These ideas restrict possibilities rather than expand them. They are holding us in the wrong era. New ideas suffer the fate of, "That won't work here." "Won't work" doesn't address an idea. It's a non-sequitur. Force yourself to separate an idea's merits from its practicality. If the merits are good, then address the possibilities. Be positive, dream, "It would be nice if we could do that," instead of, "That won't work here."  If the problem is the deadline tiger, figure out a way to beat the tiger. Take turns. "You feed the tiger today while I try something new."

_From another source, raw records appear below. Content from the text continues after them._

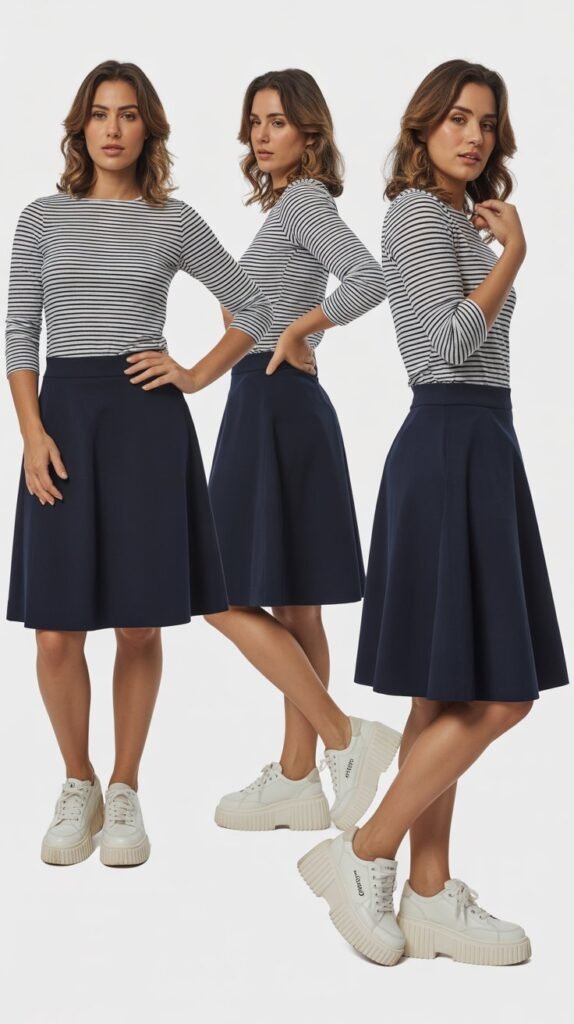 A-Line Skirt with Striped Top and Platform Sneakers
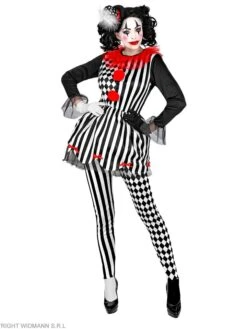 WIDMANN 3tlg. Kostüm "HORROR HARLEKINA" In Schwarz/ Weiß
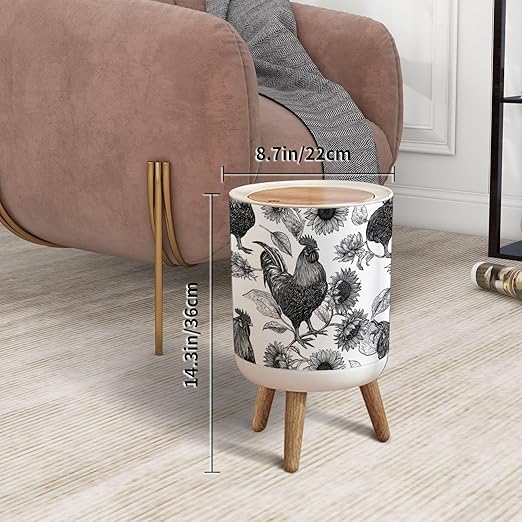 Trash Can with Lid Roosters Sunflowers Black White Botanical Press Top Round Small Garbage Bin with Wooden Legs Waste Basket for Kitchen Bedroom Nursery 7L/1.8 Gallon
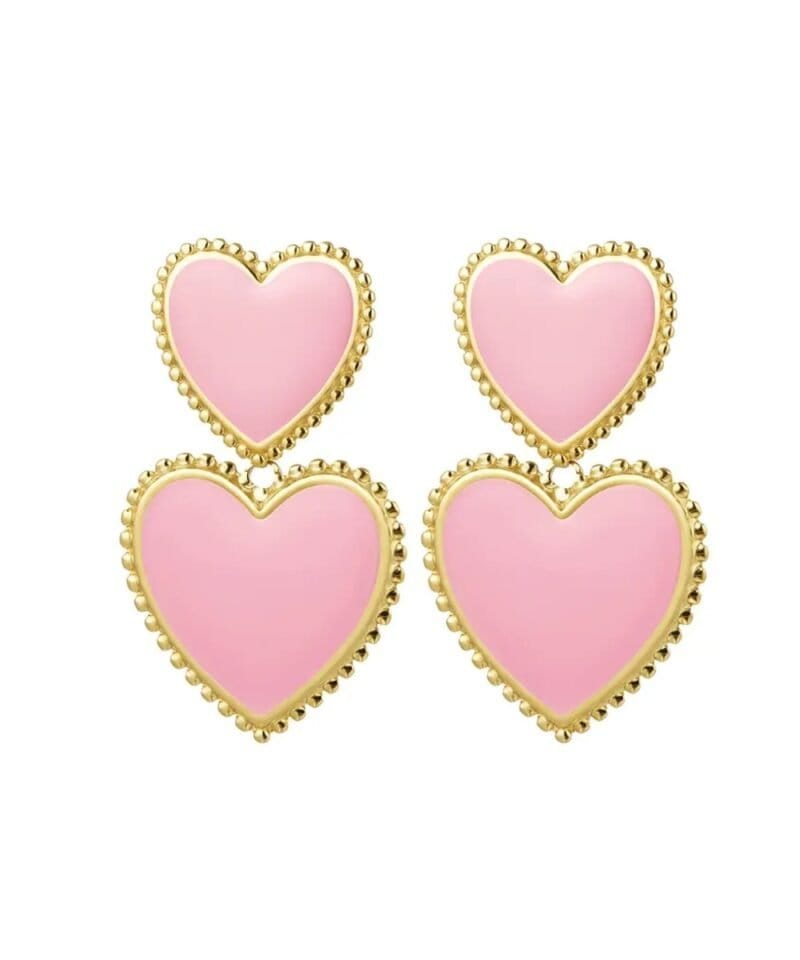 Gouden-Oorbellen-Double-Heart-roze-pink-statement-oorbellen-2-roze-harten-dames-sieraden-yehwan-kopen-bestellen-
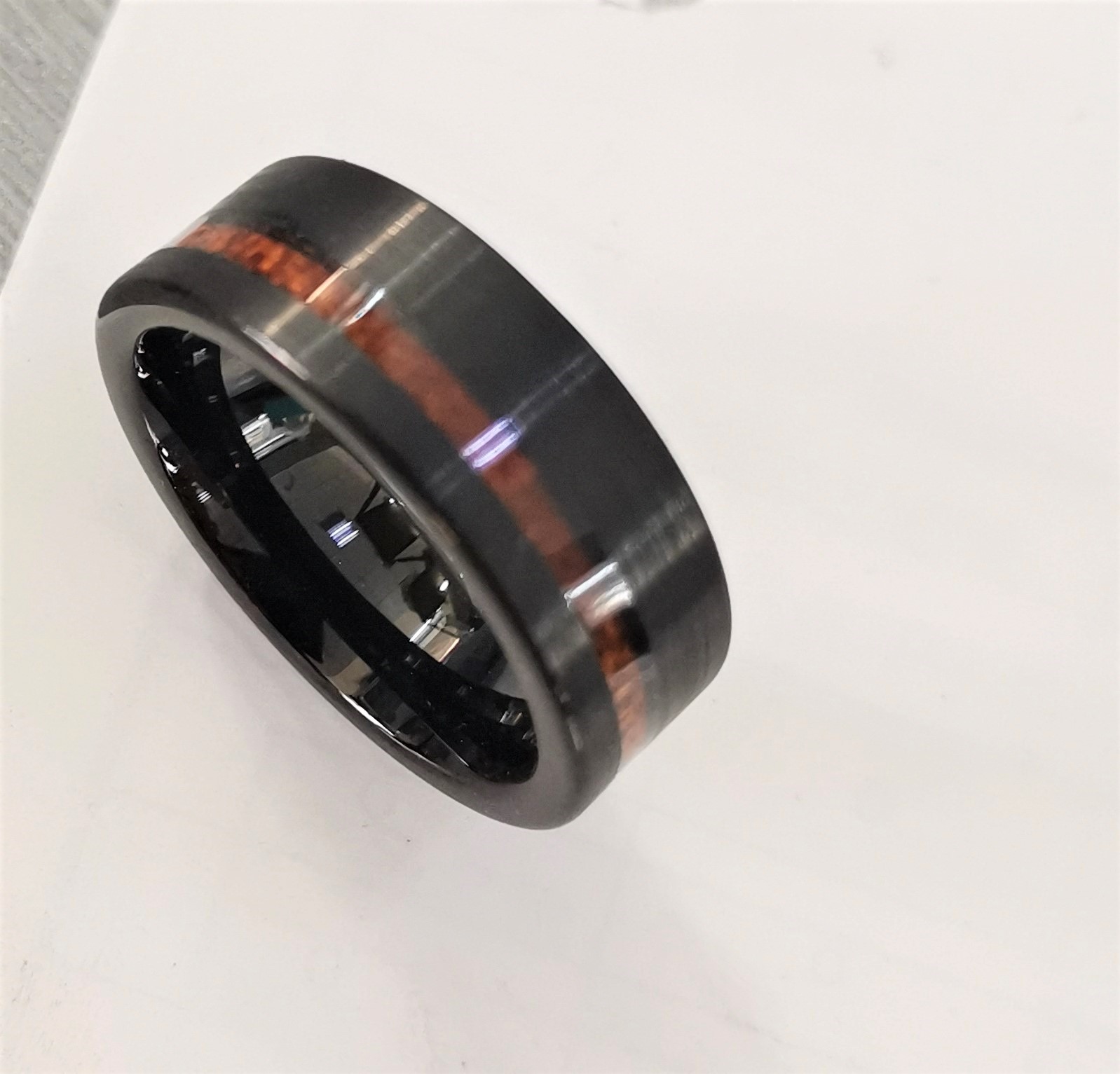 Classic  Tungsten Carbide Ring black Polished with wood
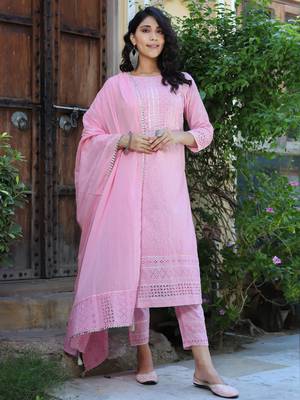 Pink embroidered cotton ethnic-kurtis 2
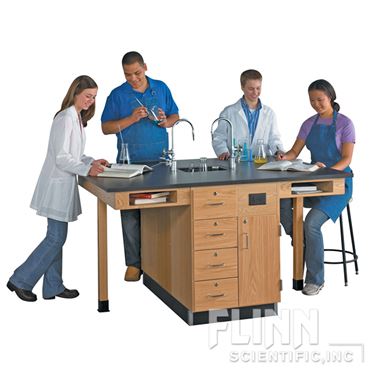 Island Science Lab Station with Fixtures for Four Students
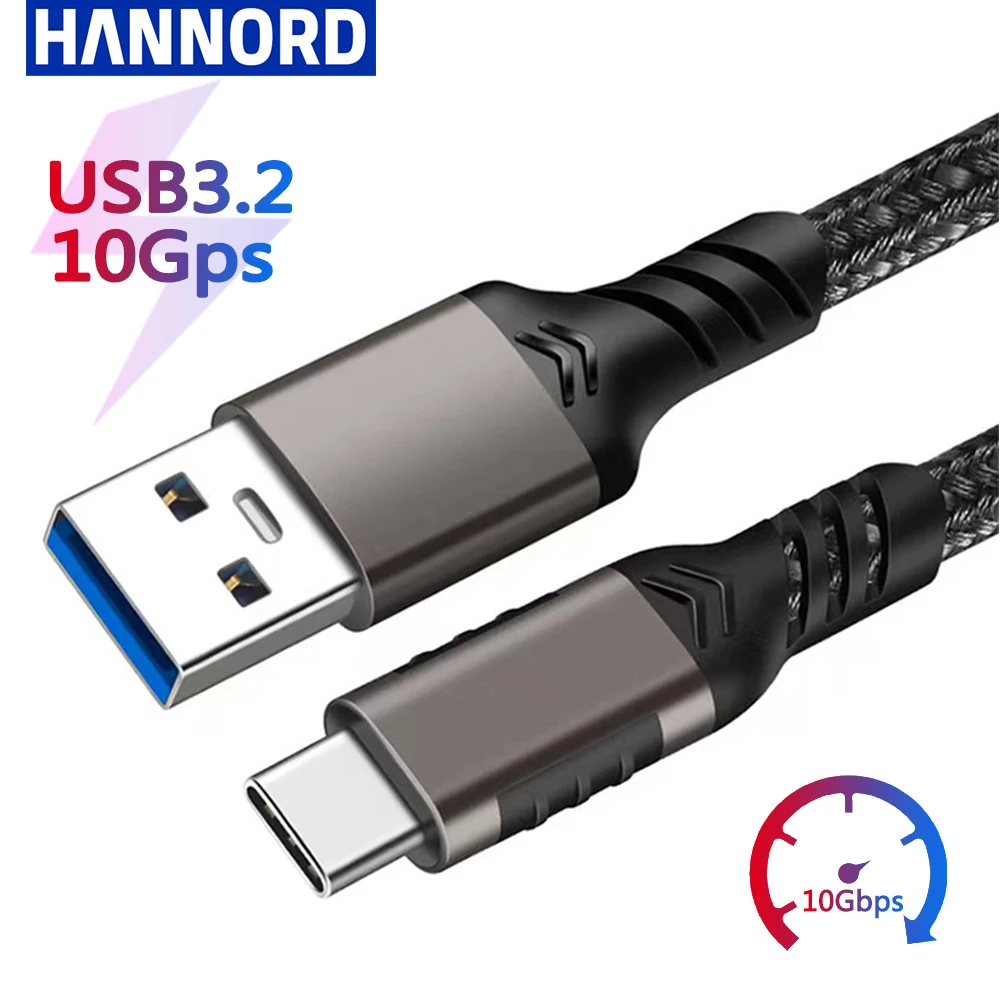 Кабель для быстрой зарядки Hannord USB 3,2, 10 Гбит/с, 3 А, 60 Вт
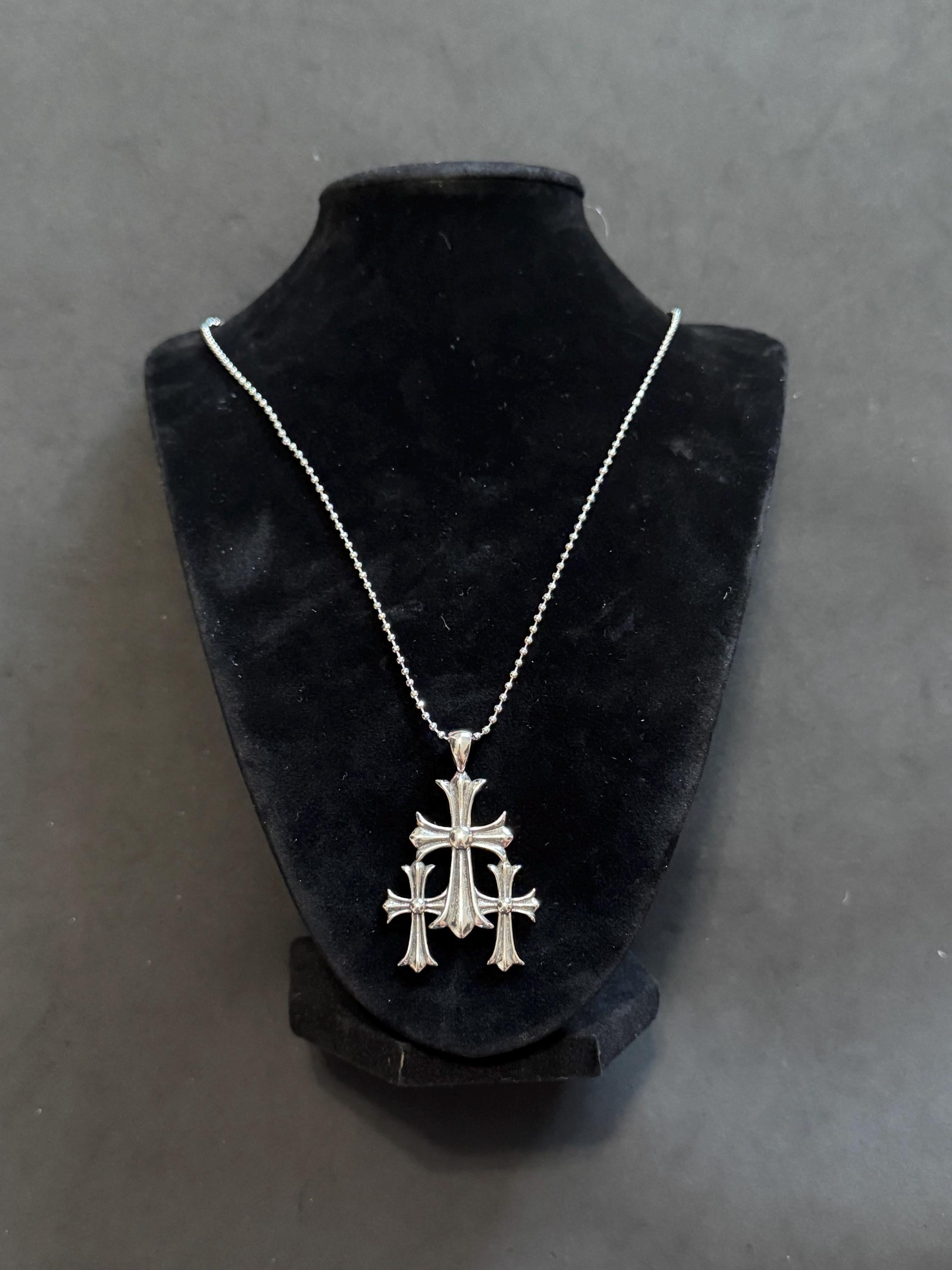 Ch gothic style y2k punk triple cross necklace chrome silver chain pendant 24in for men and women unisex a12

Photojournalism has used new technology to improve its efficiency, but not to improve its ideas. There are no idea farm clubs in photojournalism. Compare the digital camera to the computer. Computers began as calculators and then became typewriters. It wasn't until they became visual communication devices that they change the world of communication.

The digital camera started life as a communication device. Will it advance, as the computer did, to a convergent, multi-media instrument or will it regress to become a pocket calculator?  Silly question but I raise it because the digital camera has been a static innovation. It just hasn't done anything. Maybe the Platypus, digital still/motion camera is the technological step that will prompt innovate the use of digital pictures.

 Platypus May Be Your Last Chance

Photojournalists, especially newspaper photographers, have one last chance to control their medium with Platypus. This opportunity comes from a particular convergence of technology, experience and economy. Here's how. Newspaper and television photojournalists' images follow the words, to a greater or lesser degree. Photographers often go with reporters; their pictures "illustrate" written stories. If a newspaper photographer must shoot still and motion video, the reporter won't have time to hang around. The newspaper reporter knows nothing about writing to accompany video, and doesn't even try.

In this bare bones experiment, the newspaper story is read voice over the independently shot video. In practice, the photojournalist is free to compose a moving visual story unfettered by compliance with words or a producer or director.

Folks, you have just landed on a new planet. If you miss this opportunity to develop a new form of visual narrative, photography may be forever a directed art. That is, someone else always directing the person holding the camera.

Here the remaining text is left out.